There are obvious problems. If as a materialist you don't believe in purgatory, or hell, or any kind of moral balancing in an afterlife, then the whole thing is absurd, though no more absurd than any other belief about purgatory. Or you may be a Christian, happy to imagine our souls must be purified before they are fit to see God entirely (and this is the most charitable interpretation of the doctrine of purgatory I can find) but none the less amused and outraged that the pope should stick his oar into the business. Indulgences, after all, were the single greatest and grossest abuse of papal power to inspire the Reformation.
But let's suppose, just for the sake of argument, that the pope does have an informed opinion on what behaviour pleases God and benefits the soul. Does it then matter at all what technology he uses to spread his opinions? Is there anything intrinsically more ridiculous in following a devotion on Twitter than in the flesh, or on television?
The answer has to be no. The whole point of electronic communication is that it has effects in the physical world. That makes it real so far as I am concerned. If a love affair can be nourished in letters, it can be nourished, too, in email, or even, for very time-pressed lovers, in tweets.
When evangelical churches put their prayers up on PowerPoint displays, they don't lose their spiritual effects through not being printed in books, or on service sheets. What matters is that the congregations say them and mean them. What might make them pointless is the sentiment, not the means of transmission.
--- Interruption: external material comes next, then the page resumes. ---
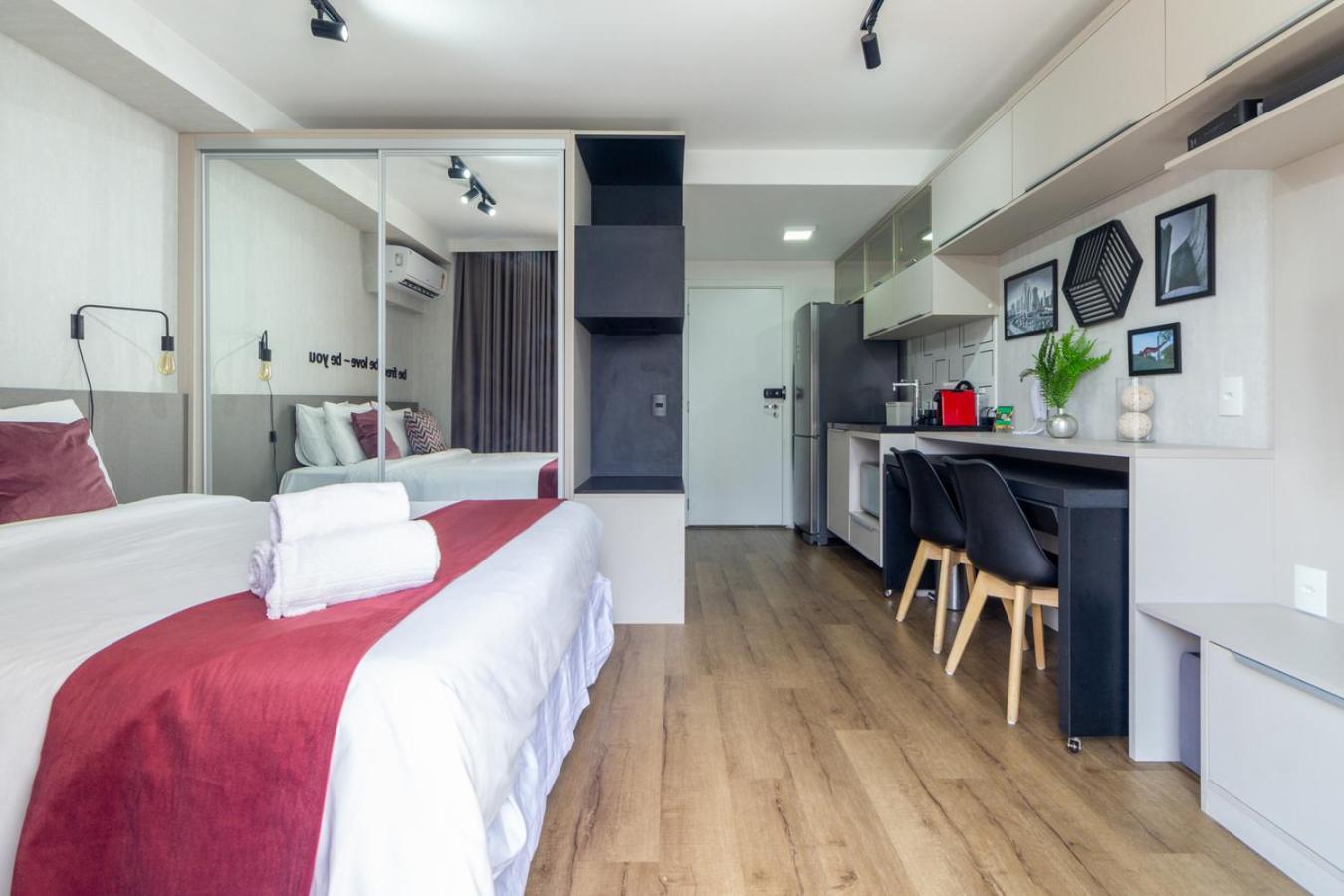 360 Moema Apartment Сао Паоло Екстериор снимка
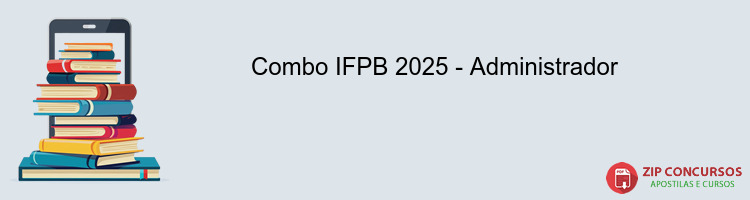 Combo IFPB 2025 - Administrador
And it is quite clear from the Vatican's remarks that merely reading the Twitter feed won't have any effect. What it is claiming is that following along with the feed and allowing it to stimulate your thoughts and behaviour as it is supposed to do will have a beneficial spiritual effect. Again, I can't see that the means of transmission should make any difference at all here.
When you go to a rock concert, and see the performance on huge screens above the stage, this brings most of the audience closer, because that's where they want to be and the technology makes this possible. It would have no effect whatsoever on someone with a different intention – say a man who wanted to throw a stink bomb at Mick Jagger. Screens aren't going to bring him any closer.
So I think that a lot of the fuss about this is misplaced – and there's something delightful about people getting worked up on electronic media about someone using electronic media to do something ridiculous. In the end, what's interesting about this story isn't the medium involved but the concept of purgatory, and – to judge from my tweet stream – we only now believe in purgatorial suffering before death.